§ YOUR GOAL
Pictures excluded, output the lines of the data below between the one holding "中國美容博覽會 中國美容博覽會" and the one holding "ZK Solid Wood", inclusive, exactly as they stand.

§ RECORDED INFORMATION
****************

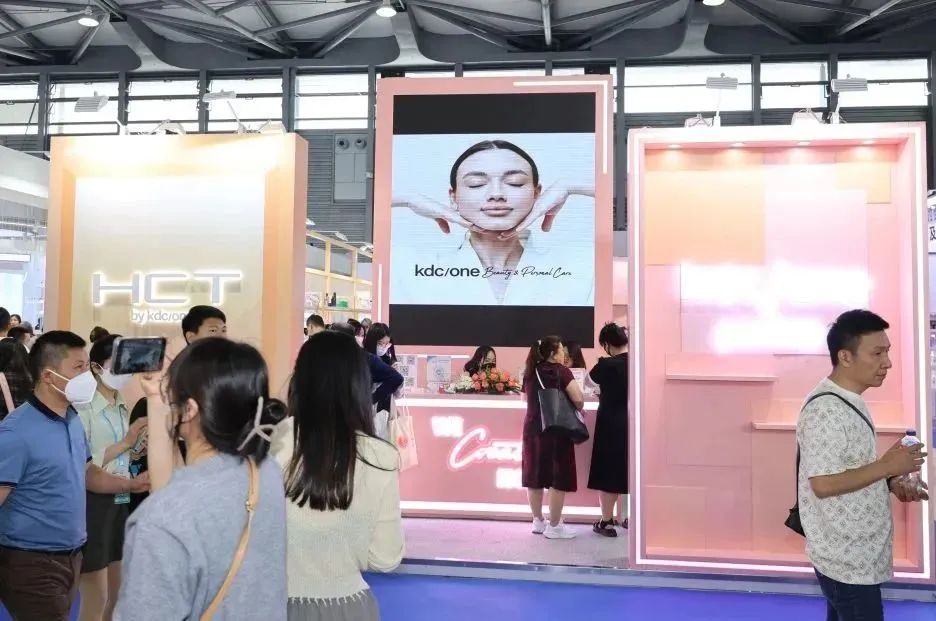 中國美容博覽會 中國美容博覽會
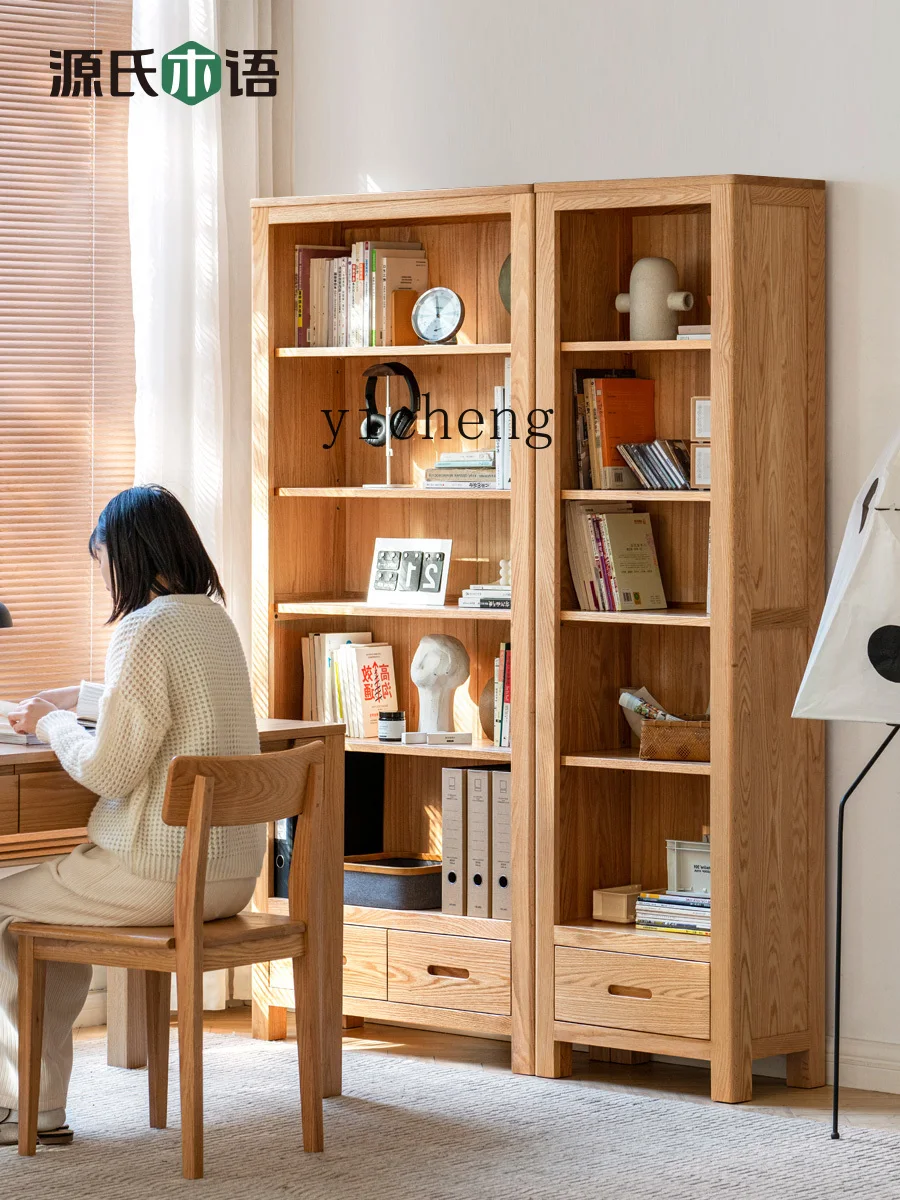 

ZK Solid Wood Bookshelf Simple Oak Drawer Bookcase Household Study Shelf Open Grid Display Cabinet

****************

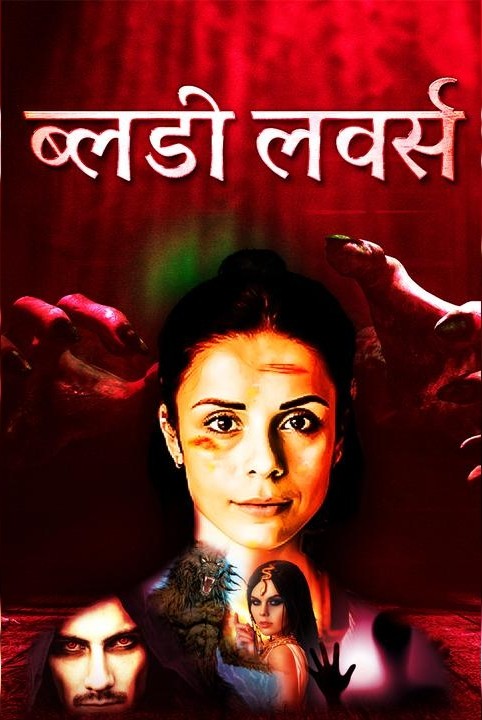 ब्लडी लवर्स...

****************

§ RESPONSE TO THE TASK
 中國美容博覽會 中國美容博覽會

ZK Solid Wood Bookshelf Simple Oak Drawer Bookcase Household Study Shelf Open Grid Display Cabinet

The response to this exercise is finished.